In reply to Hilary Zunin's question about Shakespeare and religion, I
urge you to check out Huston Diehl's terrific new book *Staging Reform,
Reforming the Stage:  Protestantism and Popular Theater in Early Modern
England* that is just available from Cornell UP.  Diehl analyzes
tragedies by Kyd, Marlowe, Middleton, Webster, and Shakespeare and
argues that Elizabethan and Jacobean drama is "both a product of the
Protestant Reformation-a reformed drama-and a producer of Protestant
habits of thought-a reforming drama."  I especially like her careful
examination of the religious controversies and what relationship they
have to the stage.  She makes clear the differences, conflicts and
ruptures within Protestantism; how the dramas appropriate the rhetoric
of Protestantism; and how they rehearse the stresses and changes wrought
by the Reformation.  You mentioned a particular interest in *Hamlet*:
Check out chapter 5, "Censoring the Imaginary:  The Wittenberg
Tragedies."

Kathryn M. Moncrief
Dept. of English
U of Iowa

[2]-----------------------------------------------------------------
From:           James Marino <This email address is being protected from spambots.
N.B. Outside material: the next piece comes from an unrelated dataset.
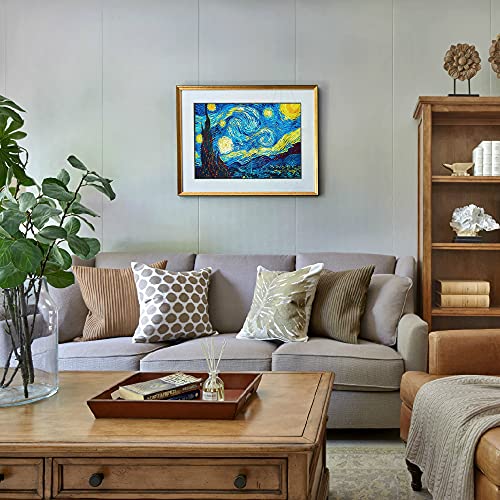 Christmas Diamond Painting Kits for Adults Kids - Full Drill DIY Round Diamond Art Number Kits with Accessories, Cross Stitch Crystal Rhinestone Embroidery Diamond Art Kits, Perfect for Halloween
You need JavaScript enabled to view it.>
Date:           Thursday, 10 Apr 1997 11:38:56 -0600
Subject: 8.0437  Qs: Elizabethan Currency
Comment:        Re: SHK 8.0437  Qs: Elizabethan Currency

Alfred Harbage, Shakespeare's Audience, contains a conversion table on
p.  59.  if that's not near to  hand, Andrew Gurr supplies some
equivalents on pp. 197-199 of the handy text The Shakespearean Stage,
1574-1642.

[3]-----------------------------------------------------------------
From:           Annalisa Castaldo <This email address is being protected from spambots. You need JavaScript enabled to view it.>
Date:           Thursday, 10 Apr 1997 14:55:00 -0400 (EDT)
Subject: 8.0436 Questions with Editor's Notes Attached
Comment:        Re: SHK 8.0436 Questions with Editor's Notes Attached

I saw a production of Pericles in London which did exactly what you are
proposing; kept Glower "onstage" but in the first row of the audience.
Thus his later comments seemed to emerge from the spectators themselves.
I recall it as being very effective (however, it was a very intimate
theater).

Annalisa Castaldo
Temple University

[4]----------------------------------------------------------------
From:           Pervez Rizvi <This email address is being protected from spambots. You need JavaScript enabled to view it.>
Date:           Friday, 11 Apr 1997 09:41:39 +0100
Subject:        Monkeys

I'd like to share the following observation, attributed to Prof. Robert
Wilensky of the University of California at Berkeley:

"We've all heard that a million monkeys banging on a million typewriters
will eventually reproduce the works of Shakespeare. Now, thanks to the
Internet, we know this is not true."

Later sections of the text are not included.